If you are a regular reader of this kayak fishing blog, you know we like to be on the water well before the crack of dawn. This is especially true for salmon fishing, except that fishing for salmon may not start until one hour before sunrise. This time of year, it’s about 5:20AM, still dark. By 6:30AM, it’s already starting to get light. One hour before sunrise, the lines go in the river.

I fished three consecutive days. The first day, I hooked a nice fish, but it jumped a few times and ran under the kayak. In the dark. I got it next to the kayak and the hooks pulled out before I could get the landing net deployed and I lost it. I fished for another six hours and did not get another bite. The second day, just after I put my line in the water, I got a strike and landed this small coho salmon. It was a native fish, easily unhooked from the barbless hooks and released unharmed.

Small native coho salmon caught and released unharmed by watermanatwork.com kayak fisherman Ron Barbish

At least I caught one; the 2019 Salmon Fishing season would not be a skunk! That’s the way salmon fishing, and a lot of other big game fishing is like; you don’t catch anything until you do. Sometimes you get them and sometimes you do not.

Back to fishing in the pre-dawn darkness when I had another solid strike and hookup. I could tell this fish was bigger than the coho salmon I had just caught and released. When there is no light, the Columbia River is like a black hole. I was fighting the fish mostly by feel. The only time I could see anything was if the fish jumped or splashed on the surface. After a nice battle in the dark, the fish was next to the kayak. Getting a landing net under a struggling salmon is tough enough, try doing it in pitch blackness!

Pre dawn salmon fishing on the Columbia River with watermanatwork.com

Got the fish in the net and had a look; it was a hatchery Chinook salmon, probably a male.

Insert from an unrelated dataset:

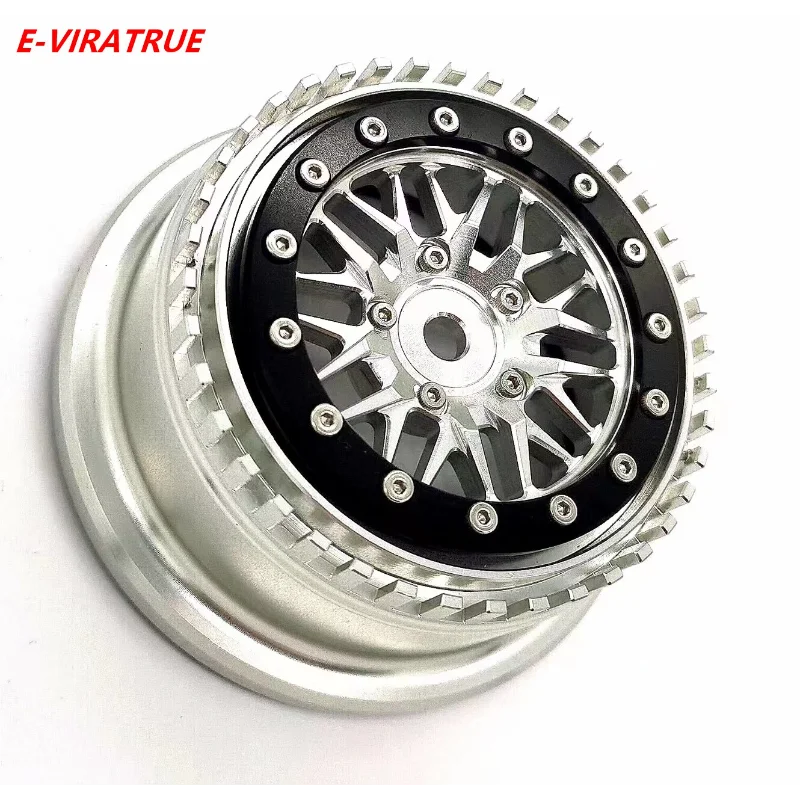 E-VIRATRUE 2.2/3.0''Alu Wheel For RZR Rey/Baja Rey/Hammer Rey U4/Losi Lasernut/Axial SCX10 1/10 1szt.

The first keeper of the 2019 salmon fishing season. After nothing the day before, I had caught two salmon, one released, essentially limiting out before 6:00AM this morning. That’s salmon fishing for you.

First Chinook salmon of the 2019 fall salmon run caught by watermanatwork.com kayak fisherman Ron Barbish

Encouraged by the previous day’s success, I was eager to go the final day of our salmon fishing mission. I fished from about 5:20AM until noon without a single bite. Not only did I not have any luck, with about twenty boats fishing for salmon, I did not see a single fish caught. Even when the fishing is bad, as it very well can be, it’s unusual to not see any fish caught.

That is not the direction salmon fishermen are hoping for. Perhaps it has just been a bad few days or a slow start to the salmon run, but after the last few years of rapidly declining returning salmon numbers, it’s difficult to be optimistic about the Columbia River salmon fishery. It seems almost a sure thing that the salmon fishing season on the Columbia River will be closed sooner rather than later. We will try to fish every day, weather permitting, because who knows how much longer there is going to be any salmon fishing at all?